Cancer du poumon, efficacité confirmée pour le médicament ciblé contre la mutation Alk
Nouvelles données positives pour le traitement par alectinib, qui s’impose comme traitement standard aussi bien aux stades initialement complètement retirés qu’aux stades avancés
Le congrès annuel de la Société européenne d’oncologie médicale (Esmo) confirme le traitement du cancer du poumon par mutation du gène Alk, aussi bien dans la phase avancée de la maladie que dans la phase la plus précoce. Nous parlons d’une thérapie ciblée à base d’alectinib et la confirmation vient de deux études, Alex et Alina. Les deux concernent des patients atteints de cancer du poumon non à petites cellules (la forme la plus courante), qui touche chaque année plus de 45 000 personnes en Italie. Parmi eux, 3 à 7 % possèdent une mutation Alk. Il s’agit en général d’une population de patients plus jeunes que la moyenne (moins de 50 ans), souvent non-fumeurs.
Résultats au stade avancé de la maladie
Commençons par la première étude, qui concerne les stades avancés : ici, l’alectinib s’est avéré conduire à la survie globale la plus longue jamais atteinte pour un inhibiteur de tyrosine kinase par rapport au crizotinib, avec une médiane de 81,1 mois pour l’alectinib contre 54,2 mois. Le bénéfice a été observé dans toutes les populations de patients, même en présence de métastases cérébrales. De plus, la durée médiane de réponse était presque quatre fois plus longue avec l’alectinib qu’avec le crizotinib (42,3 mois contre 11,1 mois) et les données de sécurité sont conformes au profil déjà connu du médicament. Les résultats, dans l’ensemble, le confirment comme la norme de soins de première intention chez les patients atteints d’un cancer du poumon non à petites cellules ALK-positif avancé.
« Les données finales présentées à l’ESMO s’ajoutent aux preuves déjà existantes et consolidées sur l’alectinib, confirmant son efficacité et sa sécurité. Avec une survie globale médiane de plus de 80 mois, les résultats soulignent les avantages significatifs qu’alectinib offre aux patients atteints d’un cancer du poumon ALK-positif et mettent en évidence les progrès réalisés dans la gestion de cette maladie – a-t-il commenté. Emilio Briachef du service d’oncologie médicale de l’hôpital Isola Tiberina – Gemelli Isola et coordinateur de la recherche clinique sur les tumeurs pulmonaires de la Fondation polyclinique universitaire Agostino Gemelli Irccs de Rome – Il convient de rappeler que les patients atteints d’un cancer du poumon ALK-positif sont souvent plus jeunes que le patient moyen atteint d’un cancer du poumon et courent un risque élevé de développer des métastases cérébrales. Pour cette raison, les résultats présentés à Esmo acquièrent une pertinence accrue. Le nombre croissant de preuves confirme qu’avec des inhibiteurs d’ALK appropriés tels que l’alectinib, nous pouvons assurer à ces patients une survie prolongée et contribuer à faire évoluer cette maladie vers une maladie chronique plus gérable, marquant un net pas en avant par rapport au passé.
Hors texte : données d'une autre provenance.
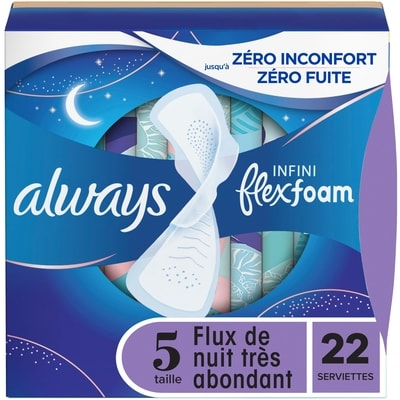 Always Serviettes féminines Infini pour femmes, serviettes avec ailes Flexfoam, taille 5, degré d’absorption de nuit, flux très abondant, non parfumées, 22 serviettes 22 ea, 0,41 $/1ch
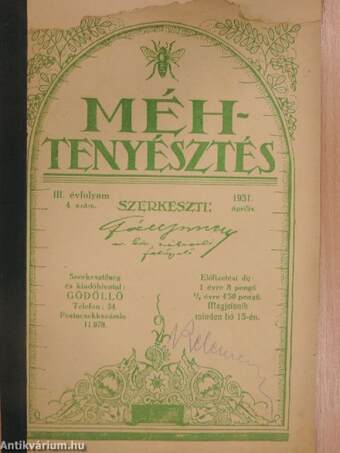 Méhtenyésztés 1931. április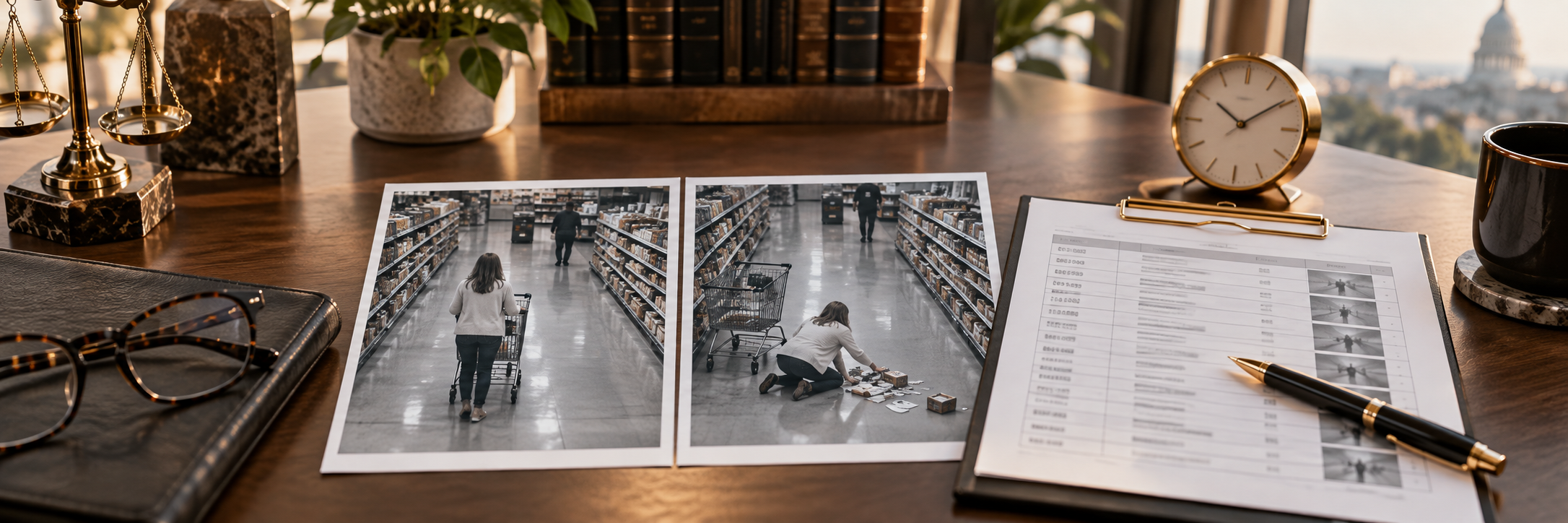 Store-aisle photographs beside a clock, records and a pen on a desk.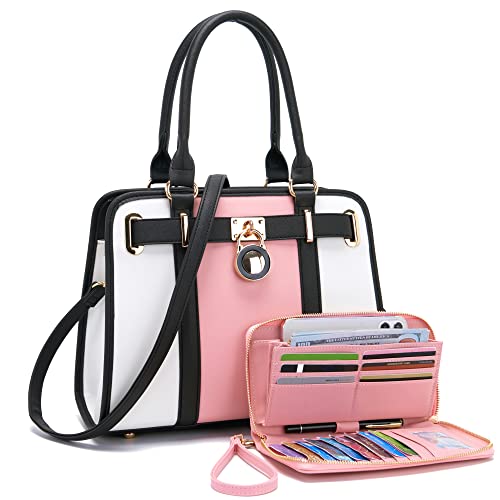 Qiyuer Structured Satchel Tote Handbags Set Women Purses with RFID Wallet - color: A5-2pcs/Set Whitepink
Les résultats dans la phase initiale
Même dans le cancer du poumon muté par Alk réséqué (c’est-à-dire chirurgicalement retiré, stade IB – IIIA), les nouvelles données renforcent le rôle de ce traitement en tant que norme de soins, démontrant un bénéfice significatif en termes de survie sans maladie par rapport à la chimiothérapie à long terme. Après une période d’observation (suivi médian) de quatre ans, l’alectinib a réduit le risque de rechute ou de décès de 64 % par rapport à la chimiothérapie à base de platine chez les patients atteints d’une maladie de stade II-IIIA complètement réséquée, et de 65 % chez les patients atteints d’une maladie de stade IB-IIIA complètement réséquée.
En Italie, l’alectinib a été approuvé pour ces stades en mai dernier. « Le bénéfice du médicament – conclut Bria – est également confirmé dans la phase précoce, c’est-à-dire après la chirurgie. Dans ce contexte, l’objectif est la récupération et l’alectinib confirme l’avantage en termes de survie sans récidive et suggère un effet potentiel également en termes de survie globale ».